Query: “Python programming tutorial”
  • Dense only: Returns documents about snakes, since “python” the animal is common in training data
  • Sparse only: Misses “coding guide” (synonym)
  • Hybrid: Correctly balances exact “Python” matching with semantic understanding of “programming”

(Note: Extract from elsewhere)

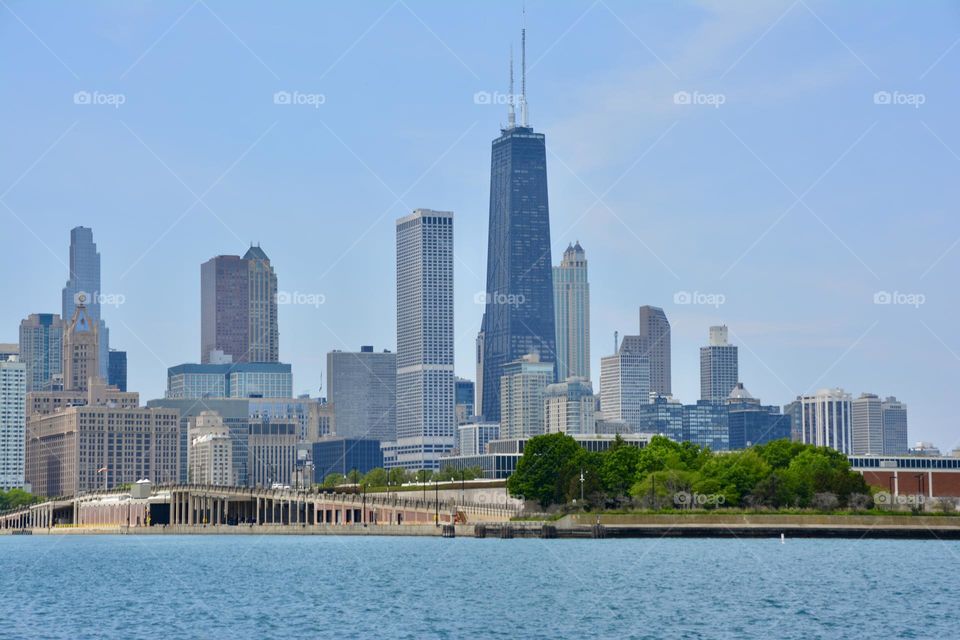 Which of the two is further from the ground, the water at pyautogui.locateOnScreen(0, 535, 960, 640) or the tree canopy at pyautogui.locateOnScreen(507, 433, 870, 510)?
the tree canopy at pyautogui.locateOnScreen(507, 433, 870, 510)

Setting Up Multi-Vector Collections

1

Define Multi-Vector Schema

Create a collection with both dense and sparse vector fields:
from zvec import CollectionSchema, VectorSchema, FieldSchema, DataType
from zvec import HnswIndexParam

schema = CollectionSchema(
    name="hybrid_docs",
    fields=[
        FieldSchema("id", DataType.INT64),
        FieldSchema("title", DataType.STRING),
        FieldSchema("content", DataType.STRING)
    ],
    vectors=[
        # Dense semantic embedding
        VectorSchema(
            name="dense_emb",
            data_type=DataType.VECTOR_FP32,
            dimension=768,
            index_param=HnswIndexParam(ef_construction=200, m=16)
        ),
        # Sparse keyword embedding
        VectorSchema(
            name="sparse_emb",
            data_type=DataType.SPARSE_VECTOR_FP32,
            index_param=HnswIndexParam(ef_construction=100, m=8)
        )
    ]
)
2

Initialize Collection

import zvec

zvec.init()
collection = zvec.create_and_open(
    path="./hybrid_collection",
    schema=schema
)
3

Prepare Embedding Functions

Set up both dense and sparse embedding generators:
from zvec.extension import DefaultLocalDenseEmbedding, BM25EmbeddingFunction

# Dense embeddings for semantic search
dense_fn = DefaultLocalDenseEmbedding()

# Sparse embeddings for keyword search
sparse_fn = BM25EmbeddingFunction(
    language="en",
    encoding_type="document"
)
4

Index Documents with Both Vectors

from zvec import Doc

documents = [
    "Python is a high-level programming language",
    "Machine learning algorithms in Python",
    "JavaScript web development tutorial"
]

docs = []
for i, text in enumerate(documents):
    doc = Doc(
        id=f"doc_{i}",
        fields={
            "id": i,
            "title": f"Document {i}",
            "content": text
        },
        vectors={
            "dense_emb": dense_fn.embed(text),
            "sparse_emb": sparse_fn.embed(text)
        }
    )
    docs.append(doc)

collection.insert(docs)

Multi-Vector Query Strategies

Zvec provides two reranking strategies to combine results from multiple vector fields:

Reciprocal Rank Fusion (RRF)

RRF combines results based on their ranks without relying on scores. It’s robust to different score scales:
from zvec import VectorQuery
from zvec.extension import RrfReRanker

# Generate query vectors
query_text = "Python programming guide"
query_sparse_fn = BM25EmbeddingFunction(language="en", encoding_type="query")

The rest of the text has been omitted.